How often are we significant here? Running from the original values gives us significance nearly 100% of the time! Almost 100% power. Maybe with an effect so large we dont even need that many observations.

(although note that this estimate might be biased… we could change this function slightly to store and then return bias_results, which would be the difference between _b[treated] and our true effect from effect to see whether the estimate is on average accurate)

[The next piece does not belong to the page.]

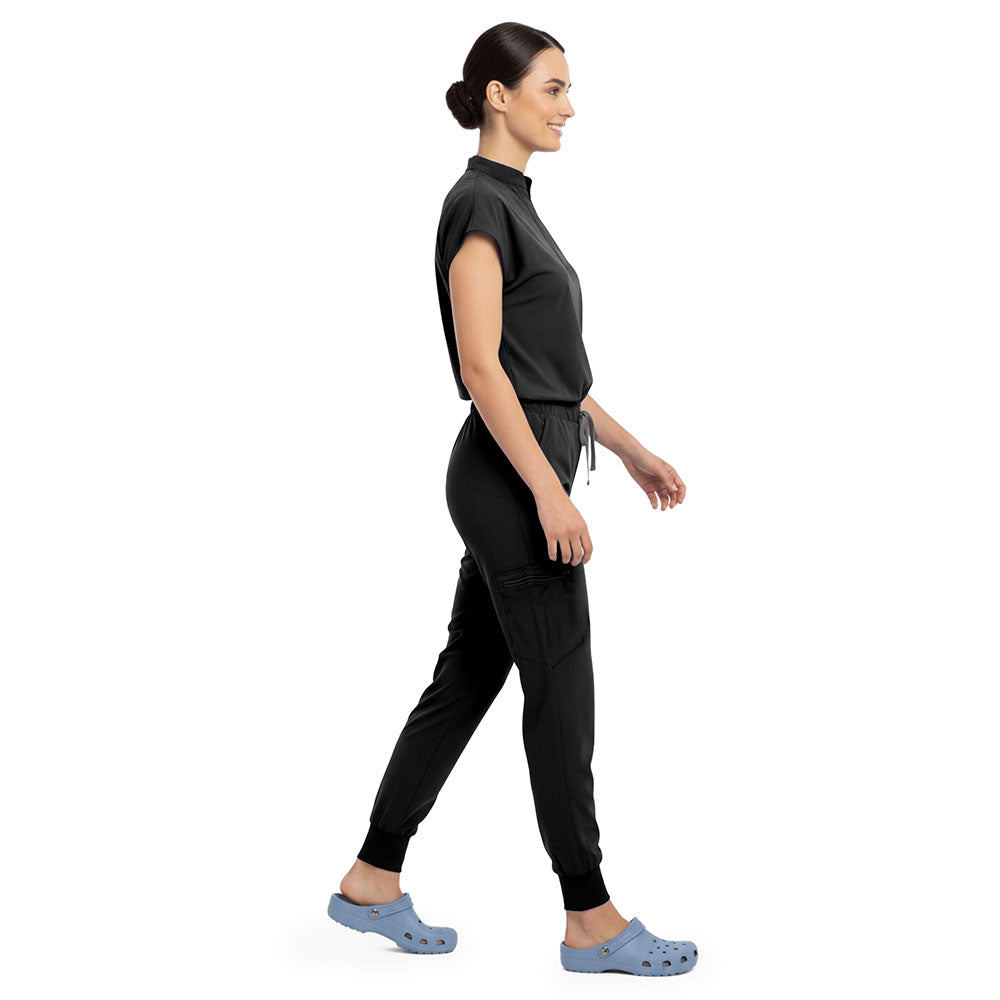 Side profile of Black scrub pants showing zippered cargo pocket on leg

And finally, we can see how big of a sample size we need to get power of 90%.

foreach effect in 1 {
  foreach sample_size in 50 100 200 300 400 500 {
    quietly {
      clear
      * We want a number of observations equal to the number of times we will simulate the data
      set obs 500
      
      * Blank variables
      g sig_results = .
      
      * Let's wrap the whole thing in quietly{} - we don't need the output!
      forvalues i = 1(1)500 {
        
        preserve
        
        clear
        * NOTICE I'm putting the "sample_size" variable from above here
        set obs `sample_size'

        * NOTICE that the part I'm changing relative to before starts here...
        *Let's make the confounder uniformly distributed
        * 0 and 1 start/end points are default
        g W = runiform()
        
        * We can assign groups from 1 to 10, a categorical variable, using runiformint()
        g group = runiformint(1,10)
        
        * Now for the group-level assignment. First let's get group-average W since that will affect assignment
        by group, sort: egen mean_W = mean(W)
        
        * Your group is treated with a probability of .5 + mean_W/10, which we can get
        * using runiform() (X > runiform() occurs with a probability of X)
        g random = runiform()
        * Set the random draw the same for everyone in the group
        by group, sort: egen grouprandom = first(random)
        
        g treated = .5 + mean_W/10 >= grouprandom
        
        * let's make an outcome based on treatment and W and group
        * True effect of treatment 1
        g Y = 1*treated + W + group/10 + rnormal()
        
        reg Y treated W

        local sig = 2*ttail(e(df_r),abs(_b[treated]/_se[treated])) <= .01
        *..... and ends here
        
        * Now restore to come back to results
        restore
        
        * And store our results in the results variables, using "in" to tell it which row to store the data in
        replace sig_results = `sig' in `i'
      }
      
      summ sig_results
      * since we're inside a quietly{} we need a noisily to see this
      noisily di "With a sample size of `sample_size' and an effect of `effect', the mean of sig_results is " r(mean)
    }
  }
}
Running C:\Users\nickc\OneDrive - Seattle University\Teaching\EconometricsSl> s\Week_08\profile.do ...


With a sample size of 50 and an effect of 1, the mean of sig_results is .638
With a sample size of 100 and an effect of 1, the mean of sig_results is .928
With a sample size of 200 and an effect of 1, the mean of sig_results is .982
With a sample size of 300 and an effect of 1, the mean of sig_results is .992
With a sample size of 400 and an effect of 1, the mean of sig_results is .996
With a sample size of 500 and an effect of 1, the mean of sig_results is .996

Looks like we pass power of 90% with somewhere between 50 and 100 observations! That’s a big effect, requiring not a whole lot of sample to unearth.

Conclusion

So there we have it! The tricky part here is figuring out how to generate data where the variables have the properties and relationships you want them to (and things like treatment are assigned how you want). But that just takes a little practice - give it a whirl! I find simulation to answer questions about power or bias to be strangely addictive, and fun to do.